TWISTEX Field Operations for April 28, 2011

April 28, 2011 – 6:45 am

Currently in a southern suburb of Birmingham, AL

Yesterday:

Historic tornado outbreak in Dixie Alley yesterday with a reported 162 tornadoes (as of SPC this morning).  All of the severe weather parameters were textbook perfect, with sickle-shaped hodographs everywhere in Mississippi and Alabama, and with incredible low level shear, provided the perfect environment for destructive tornadoes. Almost every storm that initiated in Dixie Ally created tornadoes sometime during their lifespan.

Intercepted numerous violent tornadoes including the long-track tornado that moved through the Tuscaloosa and Birmingham area claiming numerous lives.  These tornadoes were moving at 50 MPH making any kind of instrument deployment extremely dangerous.  We witnessed the Tuscaloosa tornado about 30 miles to the southwest of Tuscaloosa, and immediately called emergency personnel warning them of the tornado in progress.
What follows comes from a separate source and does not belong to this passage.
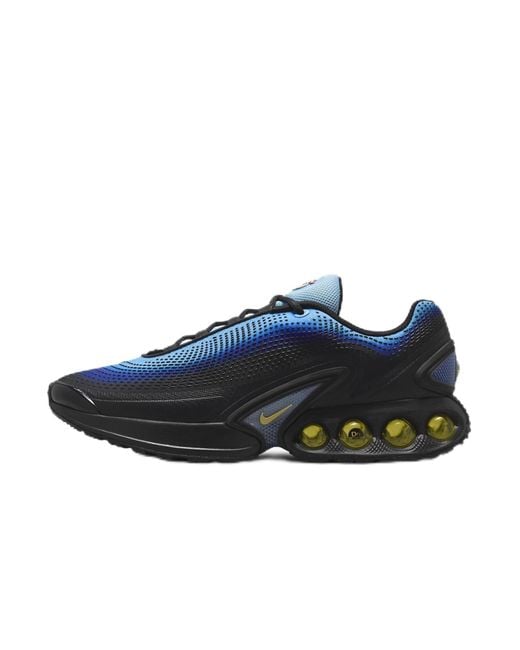 Nike Blue Air Max Dn Se Shoes for men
All of these tornadoes were only intercepted once as they passed the highway in front of the team.  One interesting item of note–these tornadoes were passing through trees that were 40-80′ high, and noted that due to the surface roughness(created by the trees themselves), the tornado vortex was very disorganized near the ground, and by visual observations-the collective wind speed was considerably less.   Even these violent tornadoes were not simply a ‘buzz saw’ moving through the trees maintaining good vortex structure.  As the vortex crossed the road in front of us, it briefly ‘organized’ into a continuous ‘cone’, then broke apart as it progressed to the east back into the vegetation.
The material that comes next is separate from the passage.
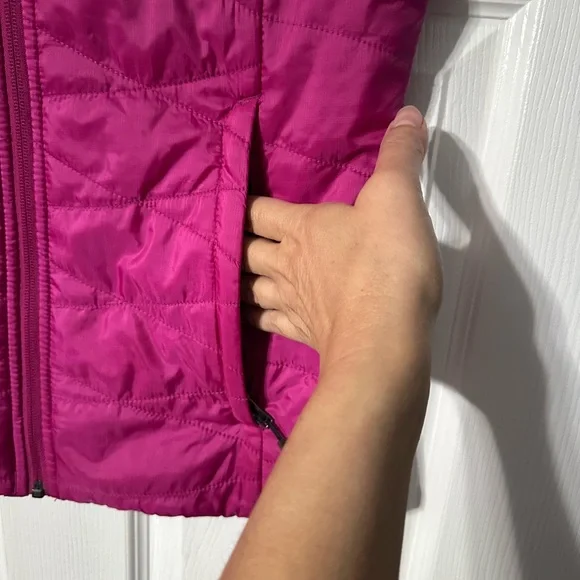 Columbia Omniheat Zipper Front Vest - Picture 8 of 16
Kudos to the entire team yesterday.

Today:

Today begins a multiple drive day back to Colorado.  There is a small opportunity for a chase in SE OK on Saturday, but this will be carefully monitored and weighted on delegating time to fully prepare for full TWISTEX operations in a week.

RADAR installation will likely commence sometime next week if all the hardware is ready.

Beyond:

After a brief return of severe weather in OK on Saturday, we might get a long needed break for the crew to continue final preparations.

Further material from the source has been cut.